BEGIN Collected material
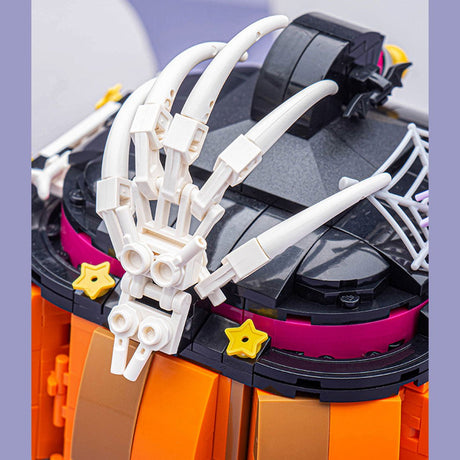 Halloween Pumpkin Assembly Toy Mini Building Blocks Set - LesDiy - 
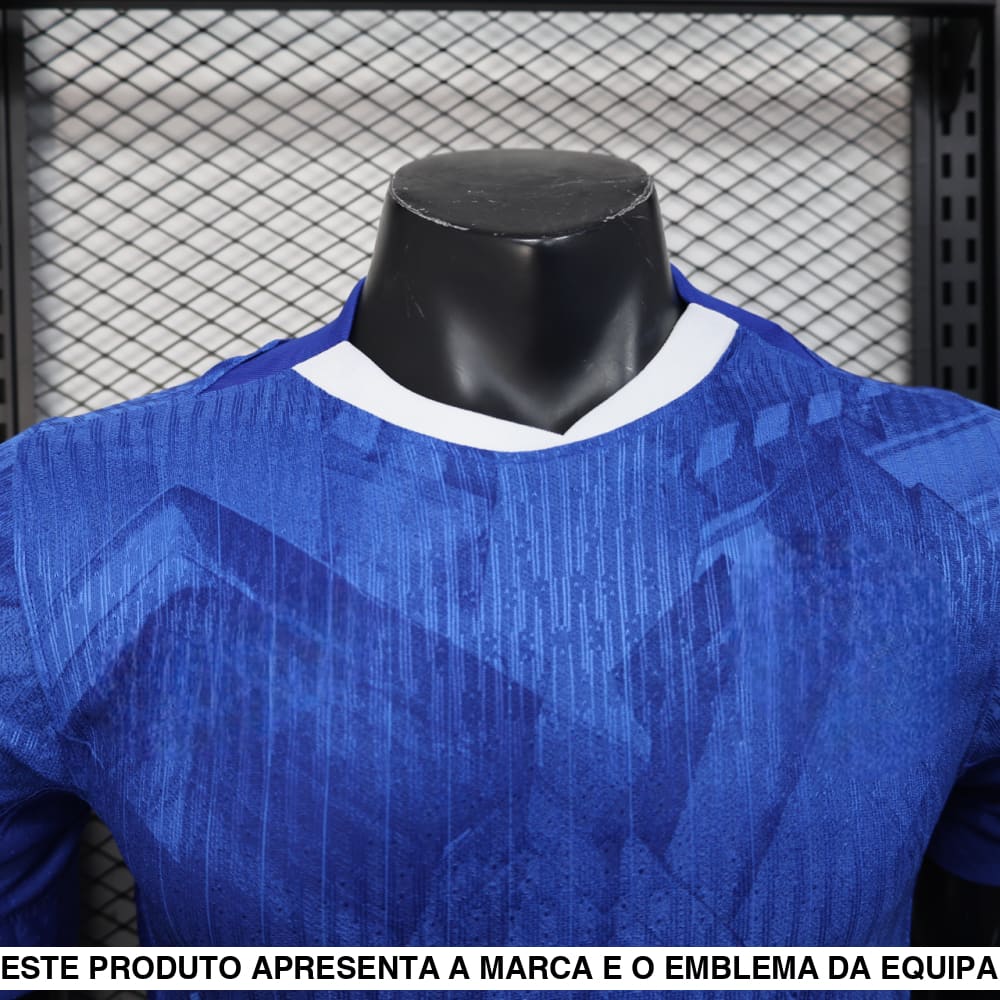 Camisola Chelsea 25 26 Principal (Versão Jogador) Camiseta Player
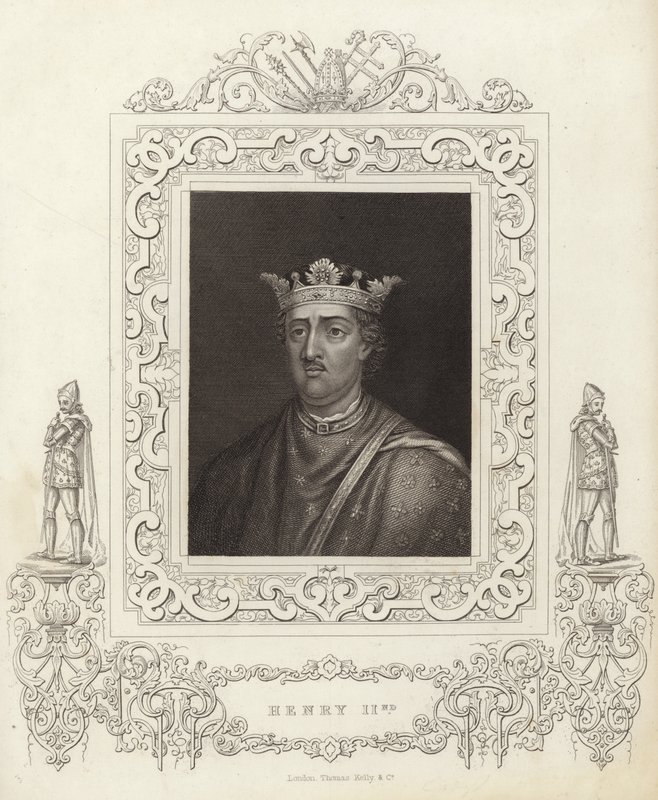 Henrik II - Konge av England av English School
END Collected material
◆ What to produce ◆
A verbatim copy of the listing, with all pictures removed, is required.

◆ Final answer ◆
 Halloween Pumpkin Assembly Toy Mini Building Blocks Set - LesDiy - 
 Camisola Chelsea 25 26 Principal (Versão Jogador) Camiseta Player
 Henrik II - Konge av England av English School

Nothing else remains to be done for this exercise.